Hallmark recently announced the launch of Hallmark+, a new streaming service and membership program, set to debut in mid-September. Priced at $7.99 per month or $79.99 per year, Hallmark+ aims to enhance the Hallmark lifestyle experience by combining entertainment with tangible rewards.

“Hallmark+ marks a seminal moment for Hallmark. By intertwining new, rich content experiences with tangible rewards and premium Hallmark gifts, we are delivering a unique, new program that reflects our commitment to spreading joy through our deeply beloved brand touchpoints.”

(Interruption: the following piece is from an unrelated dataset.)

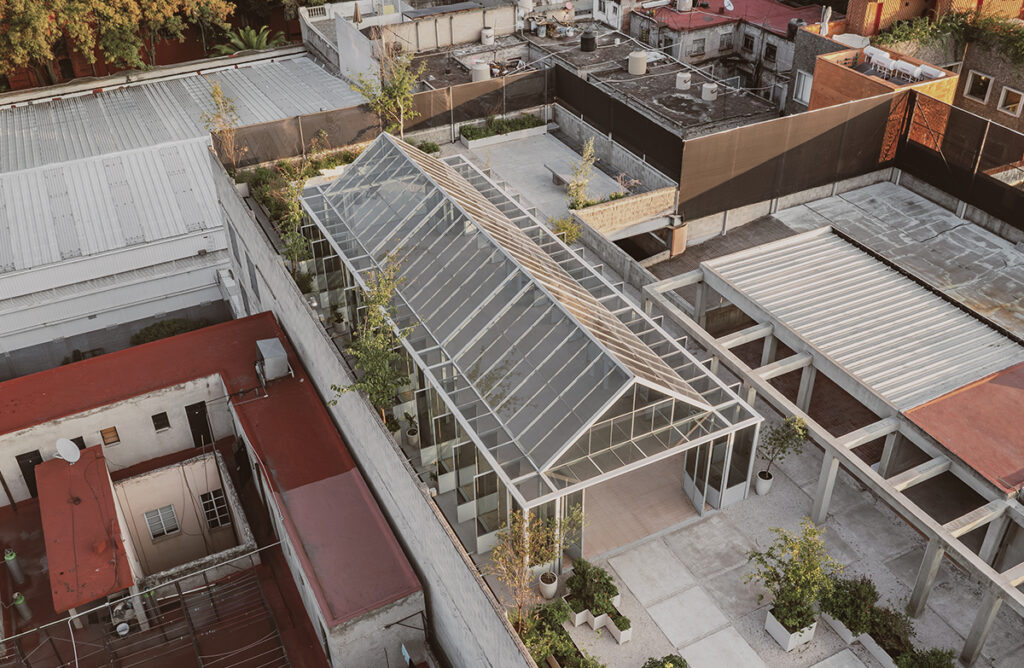 Glas Haus arquitectura de CDMX.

Mike Perry, President & CEO of Hallmark, via Hallmark

Through this new streaming service, Hallmark+ will offer ad-free viewing of original content, including new genres and formats such as holiday limited series, reality competitions, and new shows featuring popular stars.

Hallmark described one new format as an “unscripted, aspirational series with an emphasis on heart, home, and community featuring fan-favorite stars like Lacey Chabert (Celebrations with Lacey Chabert), Wes Brown (Ready, Set, Glow!), Ashley Williams (Small Town Setup), and Luke Macfarlane (Home is Where the Heart Is).”


When streaming, the service will provide rewards in conjunction with other exclusive retail benefits, such as unlimited eCards, and rewards for shopping at Hallmark stores or online. Membership will also automatically generate a $5 coupon each month that can be spent at Hallmark Gold Crown Stores.

Similarly, Disney offers an exclusive Disney+ Special Access program for consumers who are subscribed to the streaming service. According to its official website, “Disney+ subscribers receive special access to purchase select products for a limited time. While supplies last.”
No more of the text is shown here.